**Exercise prompt**
The result should be an exact copy of every record, with no pictures kept.

[Scraped caption text data]

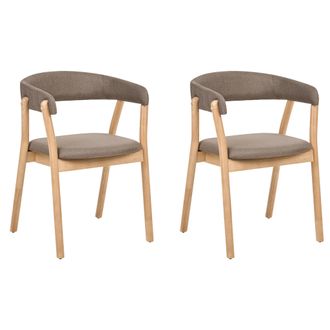 Beliani Conjunto De 2 Sillas De Comedor Estilo Tradicional Asiento Tapizado Marr&oacute;n Claro Y Marr&oacute;n Mylo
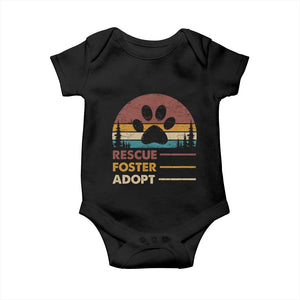 Rescue Dog Baby Onesie Retro Adopt Rescue Foster Animal Shelter Volunteer TS10 Black Print Your Wear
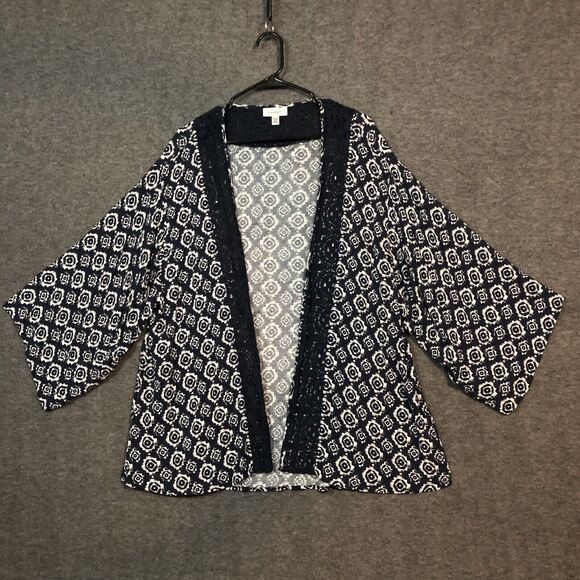 Dressbarn 2X Knit Cardigan Sweater Open Front Blue White Aztec Print Lace Trim - Picture 1 of 9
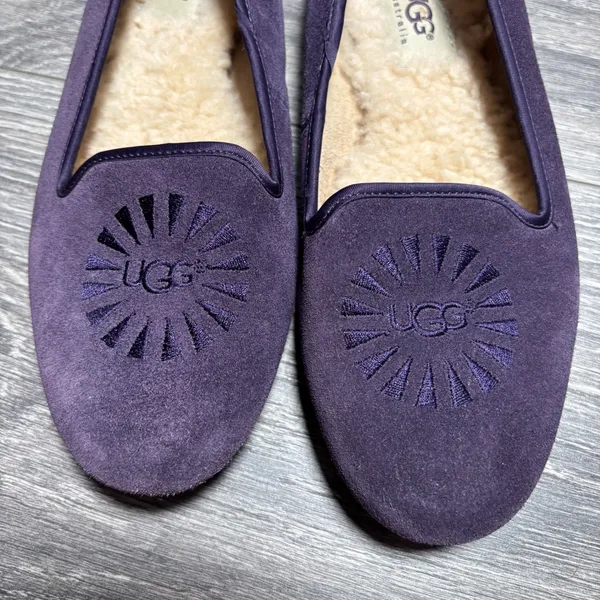 UGG Purple Suede Shearling Lined Australia Alloway‎ Slipper 6.5 - Image 2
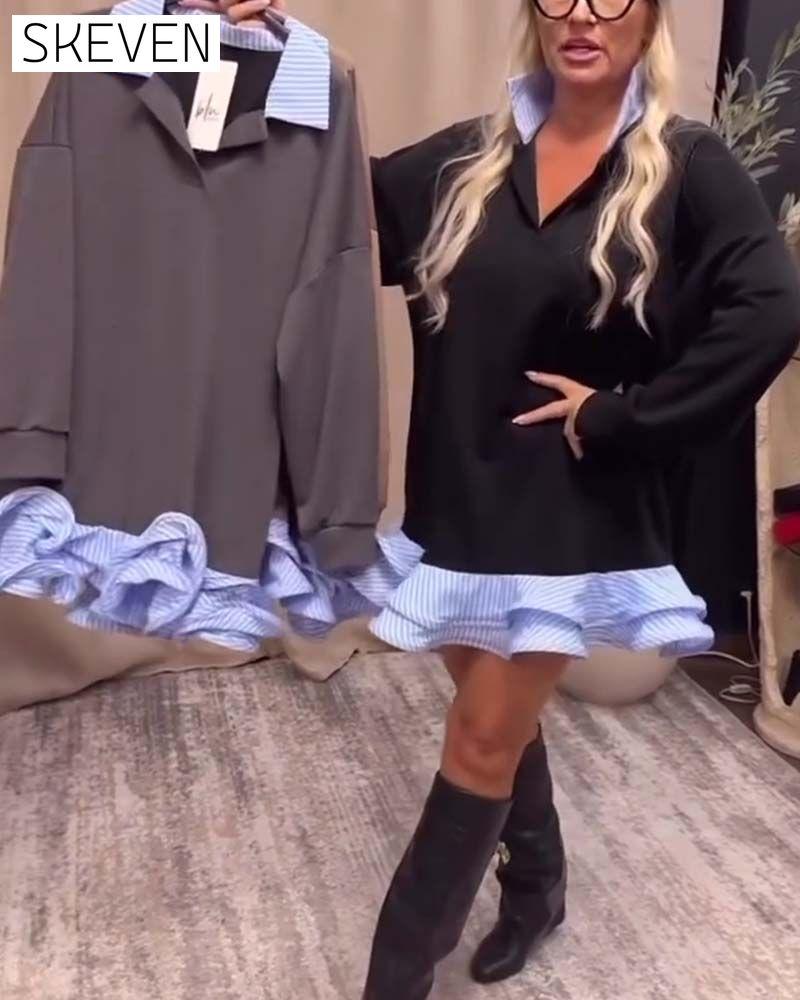 Robe à revers patchwork et volants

**Output of the task**
 Beliani Conjunto De 2 Sillas De Comedor Estilo Tradicional Asiento Tapizado Marr&oacute;n Claro Y Marr&oacute;n Mylo
 Rescue Dog Baby Onesie Retro Adopt Rescue Foster Animal Shelter Volunteer TS10 Black Print Your Wear
 Dressbarn 2X Knit Cardigan Sweater Open Front Blue White Aztec Print Lace Trim - Picture 1 of 9
 UGG Purple Suede Shearling Lined Australia Alloway‎ Slipper 6.5 - Image 2
 Robe à revers patchwork et volants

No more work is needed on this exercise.